As an appropriate and characteristic setting for the tragedy which had happened here, the indigo afternoon could not have been better chosen. Description fails to do justice to the abomination of desolation of that vast battle-field in the rain, and the imagination, refuses to reconstruct the scene of peace—the chateaux and happy villages, the forests and pastures, that flourished here so brief a time ago. In my fancy the long, low swells of land, like those of some dreary sea, were for the moment the subsiding waves of the cataclysm that had rolled here and extinguished all life. Beside the road only the blood-red soil betrayed the sites of powdered villages; and through it, in every direction, trenches had been cut. Between the trenches the earth was torn and tortured, as though some sudden fossilizing process, in its moment of supreme agony, had fixed it thus. On the hummocks were graves, graves marked by wooden crosses, others by broken rifles thrust in the ground. Shattered gun-carriages lay in the ditches, modern cannon that had cost priceless hours of skilled labour; and once we were confronted by one of those monsters, wounded to the death, I had seen that morning. The sight of this huge, helpless thing oddly recalled the emotions I had felt, as a child, when contemplating dead elephants in a battle picture of the army of a Persian king.
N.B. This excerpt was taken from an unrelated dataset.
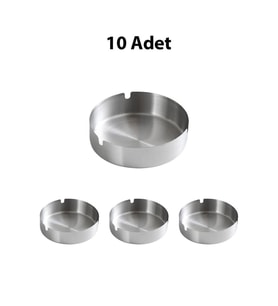 10 Adet Çelik 8cm Yuvarlak Kül Tablası Kafe ve Restoran İçin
Presently, like the peak of some submerged land, we saw lifted out of that rolling waste the “Butt” of Warlencourt—the burial-mound of this modern Marathon. It is honeycombed with dugouts in which the Germans who clung to it found their graves, while the victorious British army swept around it toward Bapaume. Everywhere along that road, which runs like an arrow across the battle-field to Albert, were graves. Repetition seems the only method of giving an adequate impression of their numbers; and near what was once the village of Pozieres was the biggest grave of all, a crater fifty feet deep and a hundred feet across. Seven months the British sappers had toiled far below in the chalk, digging the passage and chamber; and one summer dawn, like some tropical volcano, it had burst directly under the German trench. Long we stood on the slippery edge of it, gazing down at the tangled wire and litter of battle that strewed the bottom, while the rain fell pitilessly. Just such rain, said my officer-guide, as had drenched this country through the long winter months of preparation. “We never got dry,” he told me; and added with a smile, in answer to my query: “Perhaps that was the reason we never caught colds.”
When we entered Albert, the starting point of the British advance, there was just light enough to see the statue of the Virgin leaning far above us over the street. The church-tower on which it had once stood erect had been struck by a German shell, but its steel rod had bent and not broken. Local superstition declares that when the Virgin of Albert falls the war will be ended.